==== Records supplied ====

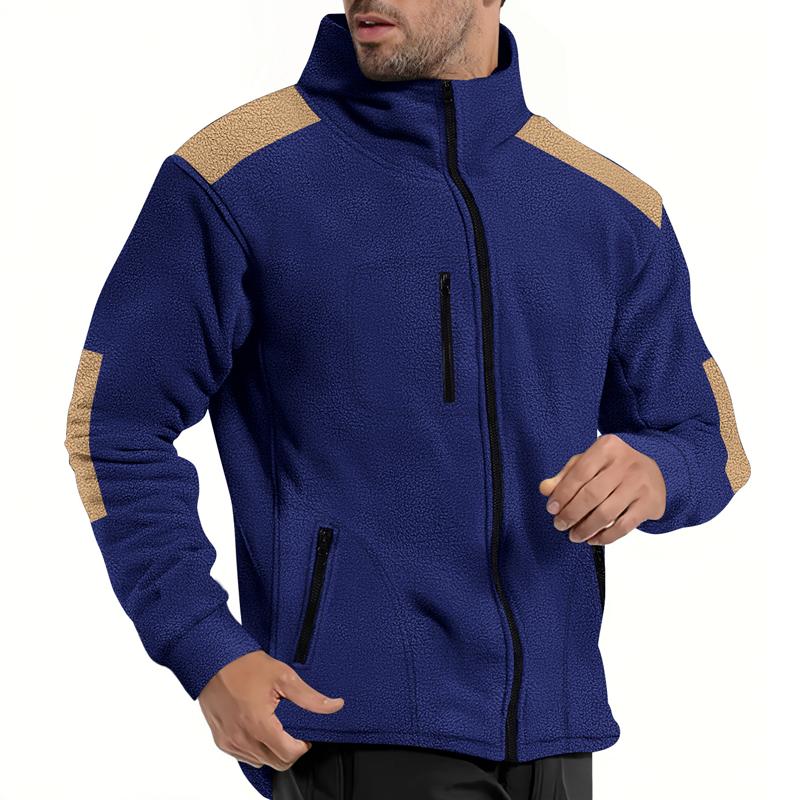 Men's Colorblock Polar Fleece Lapel Long Sleeve Zipper Outdoor Jacket 13105991Z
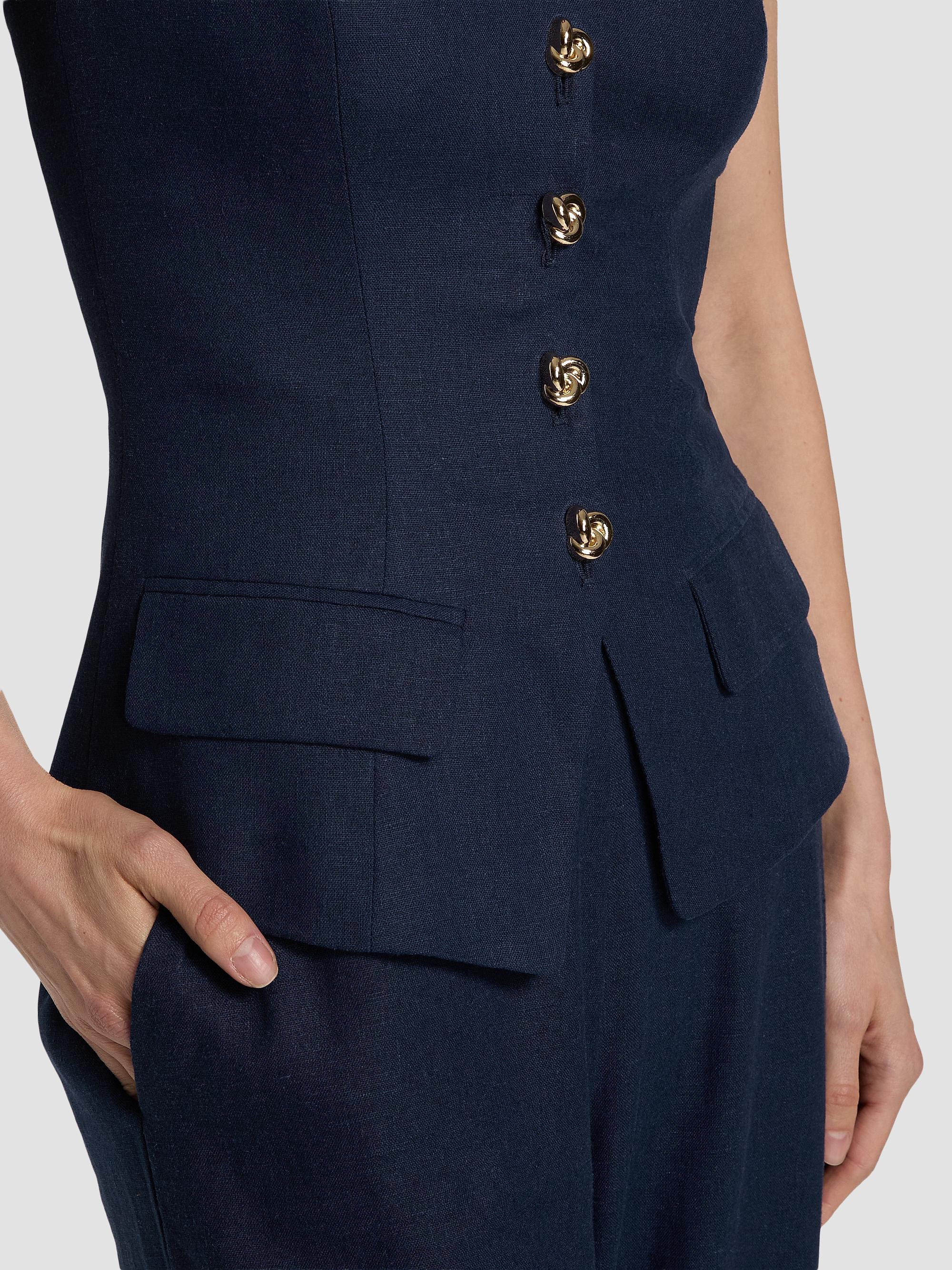 Generation Love Women's Quinn Linen-Blend Bustier Top - French Navy | Thumbnail 6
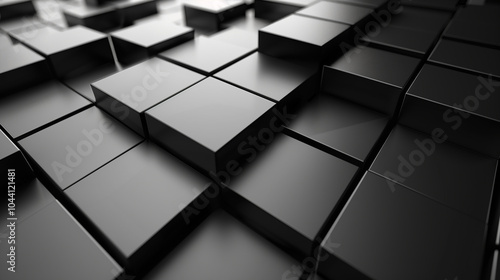 Wallpaper Mural A black and white image of a black cube pattern Torontodigital.ca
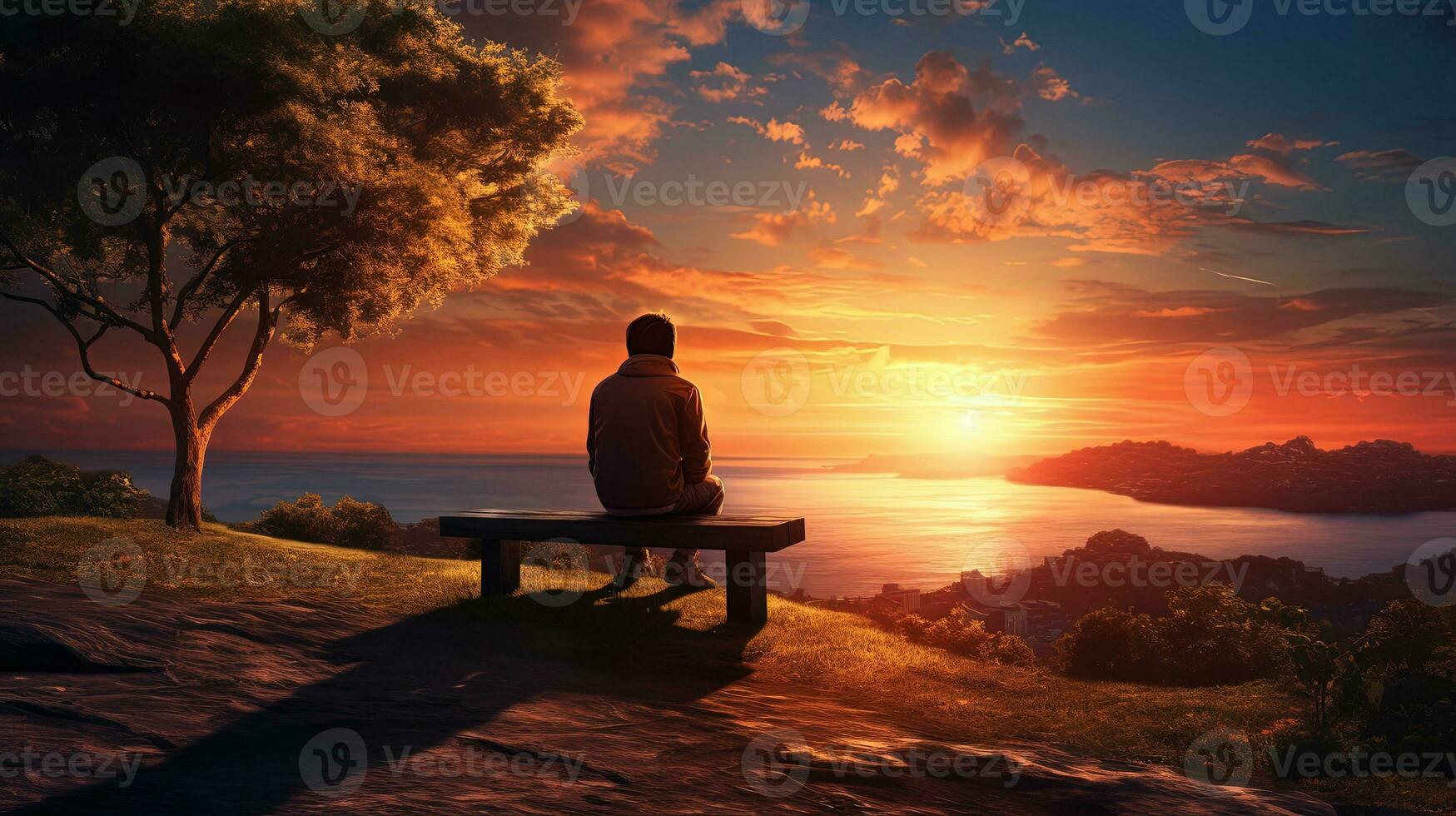 A bench in front of a sunset view with a boy sitting on it. silhouette concept photo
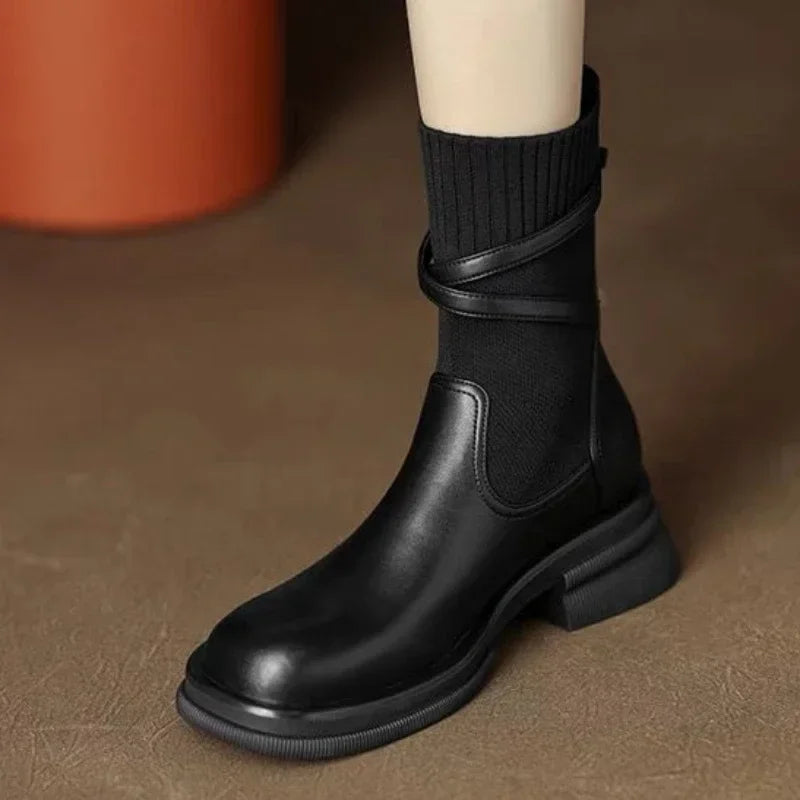 maoxiangshop  -  Knitted Elastic Socks Boots Women 2024 Winter Warm Chunky Heel Platform Ankle Boots Leather Pu Belt Buckle Design Botas Mujer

====

Assignment: Where the line with "Generation Love Women's" appears in the entries above, begin there and restate every line to the end word for word, minus the pictures.

Output for this exercise:
 Generation Love Women's Quinn Linen-Blend Bustier Top - French Navy | Thumbnail 6
 Wallpaper Mural A black and white image of a black cube pattern Torontodigital.ca
 A bench in front of a sunset view with a boy sitting on it. silhouette concept photo
 maoxiangshop  -  Knitted Elastic Socks Boots Women 2024 Winter Warm Chunky Heel Platform Ankle Boots Leather Pu Belt Buckle Design Botas Mujer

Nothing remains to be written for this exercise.